Try it: Could you return the listing below exactly, with every line intact?

[[ Supplied entries, beginning ]]

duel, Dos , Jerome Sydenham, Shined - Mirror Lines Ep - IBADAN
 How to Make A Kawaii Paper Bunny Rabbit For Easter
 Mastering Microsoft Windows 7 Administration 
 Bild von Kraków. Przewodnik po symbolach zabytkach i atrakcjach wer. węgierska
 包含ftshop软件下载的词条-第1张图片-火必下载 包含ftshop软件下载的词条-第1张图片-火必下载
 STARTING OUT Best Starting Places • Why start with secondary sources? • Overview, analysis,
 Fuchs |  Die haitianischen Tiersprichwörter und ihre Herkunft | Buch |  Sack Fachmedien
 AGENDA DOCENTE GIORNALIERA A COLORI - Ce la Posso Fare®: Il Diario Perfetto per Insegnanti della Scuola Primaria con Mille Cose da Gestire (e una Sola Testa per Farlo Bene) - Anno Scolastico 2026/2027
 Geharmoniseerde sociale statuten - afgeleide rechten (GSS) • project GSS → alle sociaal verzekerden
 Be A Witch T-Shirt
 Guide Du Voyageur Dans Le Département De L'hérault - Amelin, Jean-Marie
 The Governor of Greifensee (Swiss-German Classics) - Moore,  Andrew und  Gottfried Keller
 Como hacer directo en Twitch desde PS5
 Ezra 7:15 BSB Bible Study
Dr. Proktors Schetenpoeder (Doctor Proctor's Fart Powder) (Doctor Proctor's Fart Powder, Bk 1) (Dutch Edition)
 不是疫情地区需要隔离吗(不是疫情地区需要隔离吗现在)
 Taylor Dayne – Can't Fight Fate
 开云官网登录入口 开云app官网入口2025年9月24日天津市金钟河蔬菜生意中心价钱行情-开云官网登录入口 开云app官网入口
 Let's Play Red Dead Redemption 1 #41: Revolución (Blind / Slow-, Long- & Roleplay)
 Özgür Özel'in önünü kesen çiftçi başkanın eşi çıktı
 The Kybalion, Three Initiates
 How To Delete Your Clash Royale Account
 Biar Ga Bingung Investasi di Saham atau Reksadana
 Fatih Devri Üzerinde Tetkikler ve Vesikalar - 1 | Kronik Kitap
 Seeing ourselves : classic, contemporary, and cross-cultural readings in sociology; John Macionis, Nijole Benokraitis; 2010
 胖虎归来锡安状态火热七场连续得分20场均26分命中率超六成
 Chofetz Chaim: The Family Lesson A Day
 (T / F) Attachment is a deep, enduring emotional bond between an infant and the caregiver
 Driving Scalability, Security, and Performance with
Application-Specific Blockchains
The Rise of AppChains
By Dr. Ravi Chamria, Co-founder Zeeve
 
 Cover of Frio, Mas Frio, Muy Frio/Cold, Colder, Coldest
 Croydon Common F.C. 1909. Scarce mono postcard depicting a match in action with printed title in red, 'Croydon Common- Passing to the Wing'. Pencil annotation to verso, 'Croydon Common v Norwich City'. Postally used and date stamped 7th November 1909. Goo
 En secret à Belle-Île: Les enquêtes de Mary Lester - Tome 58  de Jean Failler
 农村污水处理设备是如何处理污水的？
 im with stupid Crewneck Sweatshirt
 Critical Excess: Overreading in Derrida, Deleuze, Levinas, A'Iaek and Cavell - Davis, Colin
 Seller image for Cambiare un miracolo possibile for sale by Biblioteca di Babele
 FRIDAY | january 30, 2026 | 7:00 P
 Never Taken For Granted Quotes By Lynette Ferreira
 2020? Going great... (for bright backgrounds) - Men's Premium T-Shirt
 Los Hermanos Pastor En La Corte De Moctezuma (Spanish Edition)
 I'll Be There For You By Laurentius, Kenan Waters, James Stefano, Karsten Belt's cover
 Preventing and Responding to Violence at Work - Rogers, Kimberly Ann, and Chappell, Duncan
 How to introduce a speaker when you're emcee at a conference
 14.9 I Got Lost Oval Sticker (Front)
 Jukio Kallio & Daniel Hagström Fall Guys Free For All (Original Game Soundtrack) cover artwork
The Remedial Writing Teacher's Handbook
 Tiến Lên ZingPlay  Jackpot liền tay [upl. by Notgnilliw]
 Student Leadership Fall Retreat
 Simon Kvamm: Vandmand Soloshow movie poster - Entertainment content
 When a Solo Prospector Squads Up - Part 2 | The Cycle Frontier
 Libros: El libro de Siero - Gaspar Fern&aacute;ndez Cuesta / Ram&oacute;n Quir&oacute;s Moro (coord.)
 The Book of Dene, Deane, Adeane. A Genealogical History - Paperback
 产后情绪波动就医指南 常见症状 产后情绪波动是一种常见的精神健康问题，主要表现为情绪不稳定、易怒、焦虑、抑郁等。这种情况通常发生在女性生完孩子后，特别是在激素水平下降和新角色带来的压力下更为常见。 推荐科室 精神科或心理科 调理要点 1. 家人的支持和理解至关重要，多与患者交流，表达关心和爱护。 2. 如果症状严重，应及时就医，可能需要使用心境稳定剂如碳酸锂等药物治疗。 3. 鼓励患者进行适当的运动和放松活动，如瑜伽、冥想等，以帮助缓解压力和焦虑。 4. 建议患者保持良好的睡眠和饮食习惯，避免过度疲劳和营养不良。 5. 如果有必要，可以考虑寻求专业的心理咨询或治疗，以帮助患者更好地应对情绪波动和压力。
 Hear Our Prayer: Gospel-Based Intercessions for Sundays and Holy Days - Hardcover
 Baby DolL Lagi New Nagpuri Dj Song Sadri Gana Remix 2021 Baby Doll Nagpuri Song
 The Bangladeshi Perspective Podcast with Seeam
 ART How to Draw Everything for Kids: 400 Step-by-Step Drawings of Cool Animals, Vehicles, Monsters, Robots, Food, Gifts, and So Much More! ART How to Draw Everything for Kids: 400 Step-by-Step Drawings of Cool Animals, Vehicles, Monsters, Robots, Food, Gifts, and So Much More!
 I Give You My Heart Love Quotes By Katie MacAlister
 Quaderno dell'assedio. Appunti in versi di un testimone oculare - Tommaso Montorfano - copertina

[[ Supplied entries, end ]]

Response area:
duel, Dos , Jerome Sydenham, Shined - Mirror Lines Ep - IBADAN
 How to Make A Kawaii Paper Bunny Rabbit For Easter
 Mastering Microsoft Windows 7 Administration 
 Bild von Kraków. Przewodnik po symbolach zabytkach i atrakcjach wer. węgierska
 包含ftshop软件下载的词条-第1张图片-火必下载 包含ftshop软件下载的词条-第1张图片-火必下载
 STARTING OUT Best Starting Places • Why start with secondary sources? • Overview, analysis,
 Fuchs |  Die haitianischen Tiersprichwörter und ihre Herkunft | Buch |  Sack Fachmedien
 AGENDA DOCENTE GIORNALIERA A COLORI - Ce la Posso Fare®: Il Diario Perfetto per Insegnanti della Scuola Primaria con Mille Cose da Gestire (e una Sola Testa per Farlo Bene) - Anno Scolastico 2026/2027
 Geharmoniseerde sociale statuten - afgeleide rechten (GSS) • project GSS → alle sociaal verzekerden
 Be A Witch T-Shirt
 Guide Du Voyageur Dans Le Département De L'hérault - Amelin, Jean-Marie
 The Governor of Greifensee (Swiss-German Classics) - Moore,  Andrew und  Gottfried Keller
 Como hacer directo en Twitch desde PS5
 Ezra 7:15 BSB Bible Study
Dr. Proktors Schetenpoeder (Doctor Proctor's Fart Powder) (Doctor Proctor's Fart Powder, Bk 1) (Dutch Edition)
 不是疫情地区需要隔离吗(不是疫情地区需要隔离吗现在)
 Taylor Dayne – Can't Fight Fate
 开云官网登录入口 开云app官网入口2025年9月24日天津市金钟河蔬菜生意中心价钱行情-开云官网登录入口 开云app官网入口
 Let's Play Red Dead Redemption 1 #41: Revolución (Blind / Slow-, Long- & Roleplay)
 Özgür Özel'in önünü kesen çiftçi başkanın eşi çıktı
 The Kybalion, Three Initiates
 How To Delete Your Clash Royale Account
 Biar Ga Bingung Investasi di Saham atau Reksadana
 Fatih Devri Üzerinde Tetkikler ve Vesikalar - 1 | Kronik Kitap
 Seeing ourselves : classic, contemporary, and cross-cultural readings in sociology; John Macionis, Nijole Benokraitis; 2010
 胖虎归来锡安状态火热七场连续得分20场均26分命中率超六成
 Chofetz Chaim: The Family Lesson A Day
 (T / F) Attachment is a deep, enduring emotional bond between an infant and the caregiver
 Driving Scalability, Security, and Performance with
Application-Specific Blockchains
The Rise of AppChains
By Dr. Ravi Chamria, Co-founder Zeeve
 
 Cover of Frio, Mas Frio, Muy Frio/Cold, Colder, Coldest
 Croydon Common F.C. 1909. Scarce mono postcard depicting a match in action with printed title in red, 'Croydon Common- Passing to the Wing'. Pencil annotation to verso, 'Croydon Common v Norwich City'. Postally used and date stamped 7th November 1909. Goo
 En secret à Belle-Île: Les enquêtes de Mary Lester - Tome 58  de Jean Failler
 农村污水处理设备是如何处理污水的？
 im with stupid Crewneck Sweatshirt
 Critical Excess: Overreading in Derrida, Deleuze, Levinas, A'Iaek and Cavell - Davis, Colin
 Seller image for Cambiare un miracolo possibile for sale by Biblioteca di Babele
 FRIDAY | january 30, 2026 | 7:00 P
 Never Taken For Granted Quotes By Lynette Ferreira
 2020? Going great... (for bright backgrounds) - Men's Premium T-Shirt
 Los Hermanos Pastor En La Corte De Moctezuma (Spanish Edition)
 I'll Be There For You By Laurentius, Kenan Waters, James Stefano, Karsten Belt's cover
 Preventing and Responding to Violence at Work - Rogers, Kimberly Ann, and Chappell, Duncan
 How to introduce a speaker when you're emcee at a conference
 14.9 I Got Lost Oval Sticker (Front)
 Jukio Kallio & Daniel Hagström Fall Guys Free For All (Original Game Soundtrack) cover artwork
The Remedial Writing Teacher's Handbook
 Tiến Lên ZingPlay  Jackpot liền tay [upl. by Notgnilliw]
 Student Leadership Fall Retreat
 Simon Kvamm: Vandmand Soloshow movie poster - Entertainment content
 When a Solo Prospector Squads Up - Part 2 | The Cycle Frontier
 Libros: El libro de Siero - Gaspar Fern&aacute;ndez Cuesta / Ram&oacute;n Quir&oacute;s Moro (coord.)
 The Book of Dene, Deane, Adeane. A Genealogical History - Paperback
 产后情绪波动就医指南 常见症状 产后情绪波动是一种常见的精神健康问题，主要表现为情绪不稳定、易怒、焦虑、抑郁等。这种情况通常发生在女性生完孩子后，特别是在激素水平下降和新角色带来的压力下更为常见。 推荐科室 精神科或心理科 调理要点 1. 家人的支持和理解至关重要，多与患者交流，表达关心和爱护。 2. 如果症状严重，应及时就医，可能需要使用心境稳定剂如碳酸锂等药物治疗。 3. 鼓励患者进行适当的运动和放松活动，如瑜伽、冥想等，以帮助缓解压力和焦虑。 4. 建议患者保持良好的睡眠和饮食习惯，避免过度疲劳和营养不良。 5. 如果有必要，可以考虑寻求专业的心理咨询或治疗，以帮助患者更好地应对情绪波动和压力。
 Hear Our Prayer: Gospel-Based Intercessions for Sundays and Holy Days - Hardcover
 Baby DolL Lagi New Nagpuri Dj Song Sadri Gana Remix 2021 Baby Doll Nagpuri Song
 The Bangladeshi Perspective Podcast with Seeam
 ART How to Draw Everything for Kids: 400 Step-by-Step Drawings of Cool Animals, Vehicles, Monsters, Robots, Food, Gifts, and So Much More! ART How to Draw Everything for Kids: 400 Step-by-Step Drawings of Cool Animals, Vehicles, Monsters, Robots, Food, Gifts, and So Much More!
 I Give You My Heart Love Quotes By Katie MacAlister
 Quaderno dell'assedio. Appunti in versi di un testimone oculare - Tommaso Montorfano - copertina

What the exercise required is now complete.